ACTION ITEM → In the material below, find the span from the line with "media.fiera macfrut rimini" to the line with "High Quality Chain link netting" and transcribe only those lines, exactly, ends included, without the pictures.

RECORDS SHOWN →
________________
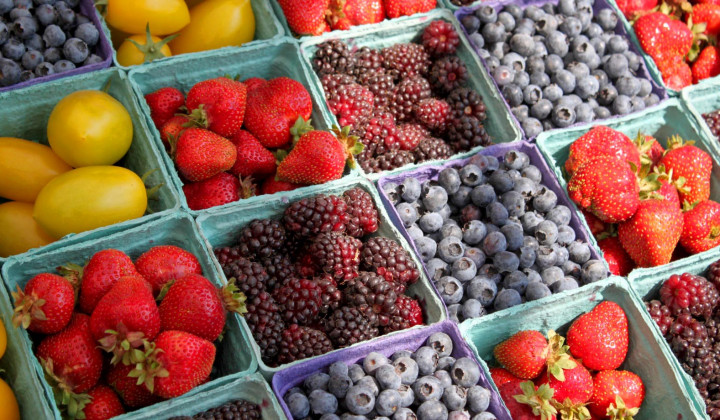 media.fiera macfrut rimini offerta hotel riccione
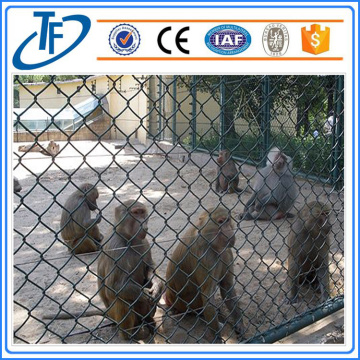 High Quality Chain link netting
________________
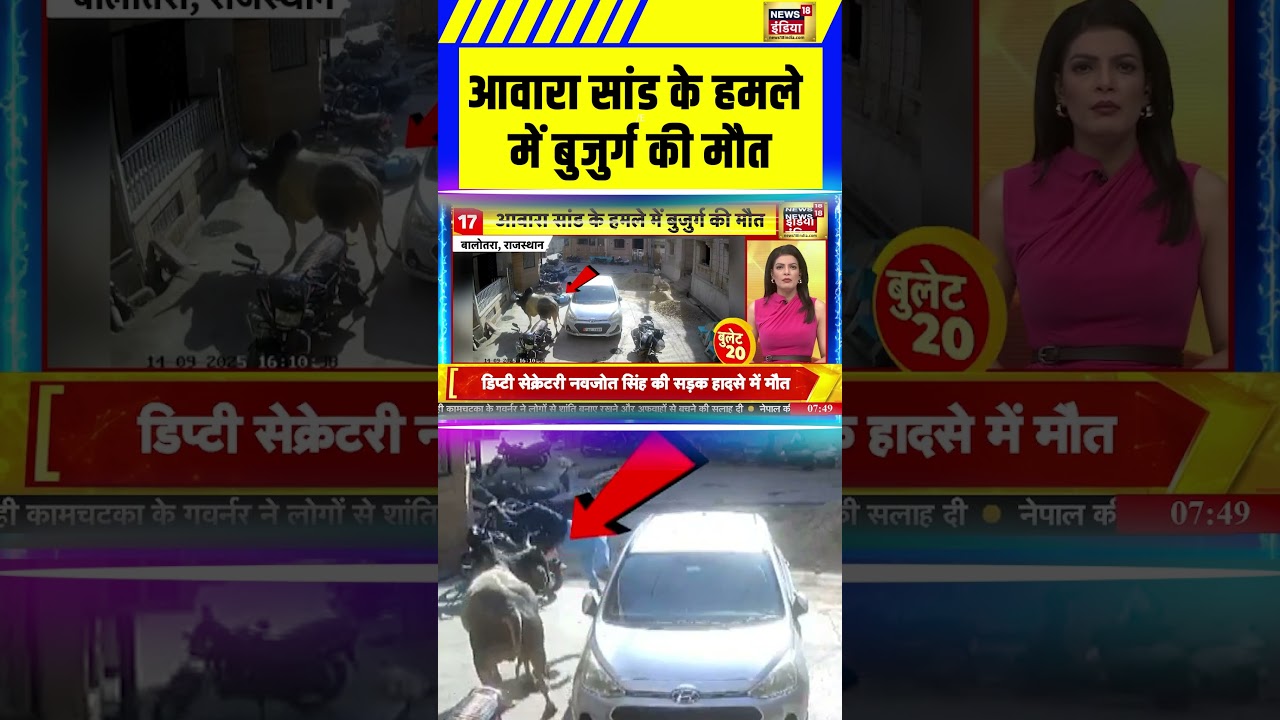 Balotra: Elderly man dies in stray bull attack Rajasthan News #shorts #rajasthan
________________
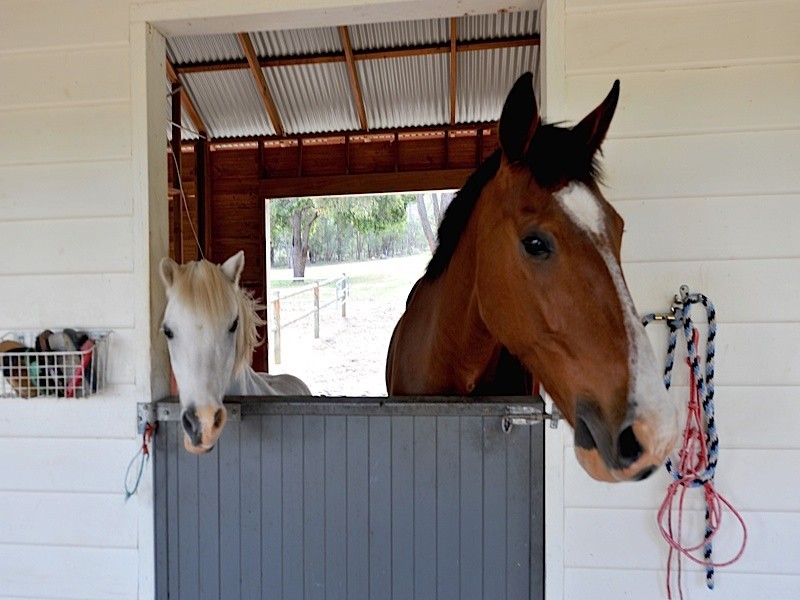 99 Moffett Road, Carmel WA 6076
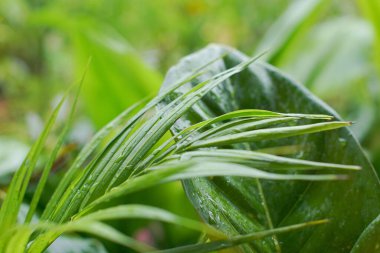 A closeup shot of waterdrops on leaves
________________
SOLUTION FOR THIS TASK →
 media.fiera macfrut rimini offerta hotel riccione
 High Quality Chain link netting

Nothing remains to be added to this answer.